I want to add column df['B'] and df['C']

I coded like below

df['B'] = df['A'].split("_").str[0]
df['C'] = df['A'].split("_").str[1]

But python split function is slow than I expected, So It spends too long time as dataframe became more bigger I want to find more efficient ways.

Is it possible to use split function one time? df[['B','C']] = df['A'].split("_") (this code is just example)

Or is there any more smart way?

Thanks.

CodePudding user response：

split in Pandas has an expand option which you could use a follows. I've not tested speed.

df = df.join(df['A'].str.split('_', expand = True).rename(columns = {0 : 'B', 1: 'C'}))

CodePudding user response：

You could use expand to create several columns at a time, and then join to add all those columns

df.join(df.A.str.split('_', expand=True).rename({0:'B', 1:'C'}, axis=1))

Tho, I fail to see how the method you are using can be so slow. I doubt this one is so much faster. It is basically the same split. That is not python's split btw. This is a pandas method. So it is "vectorized".
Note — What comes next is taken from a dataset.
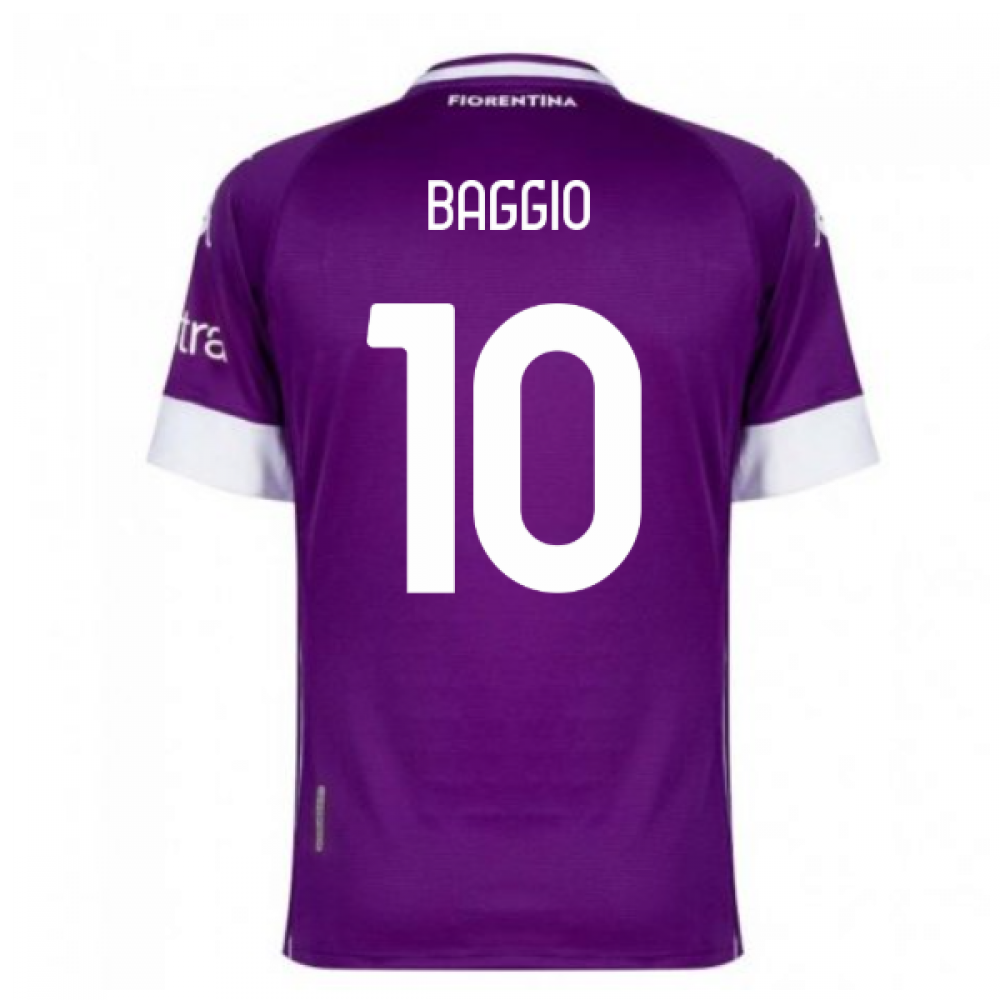 2020-2021 Fiorentina Home Shirt (BAGGIO 10)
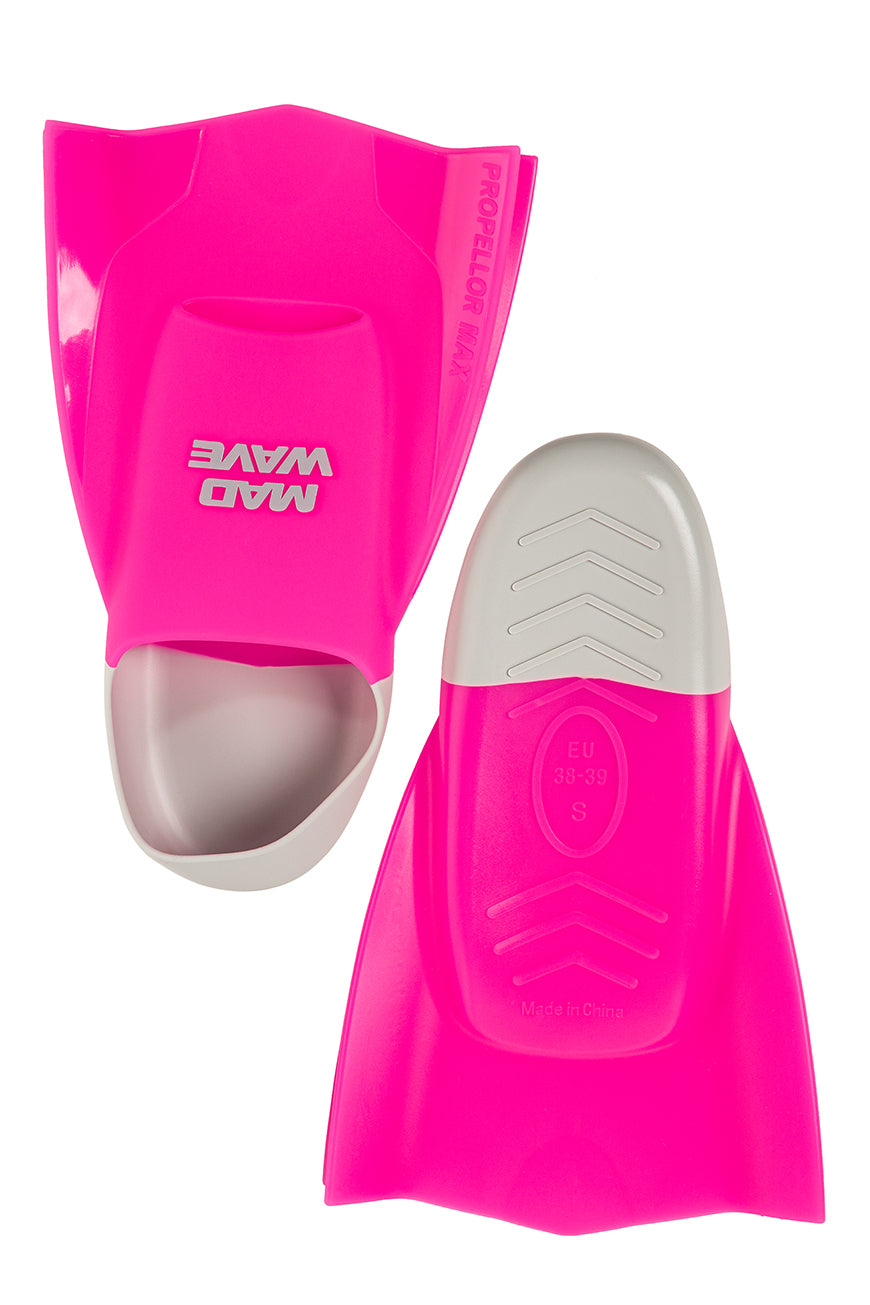 Mad Wave Propellor max Trainingsflossen Pink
Unless you have thousands of those columns? In which case, indeed, it is better if you can avoid 1000 calls

Edit: timing

With 1000000 rows, on my computer, this method (and you can see that, in the same 10 seconds, you got twice the exact same answer — with the variation of axis=1 vs columns= for rename — so it might be the good one :D), takes 2.71 seconds. Your method takes 2.77 seconds. With some 0.03 standard deviation. So sometimes, yours is even faster, tho I ran it enough time to prove with a p-value<5% that yours is sligthly slower, but really really sligthly.

I guess, this is just as fast as it gets.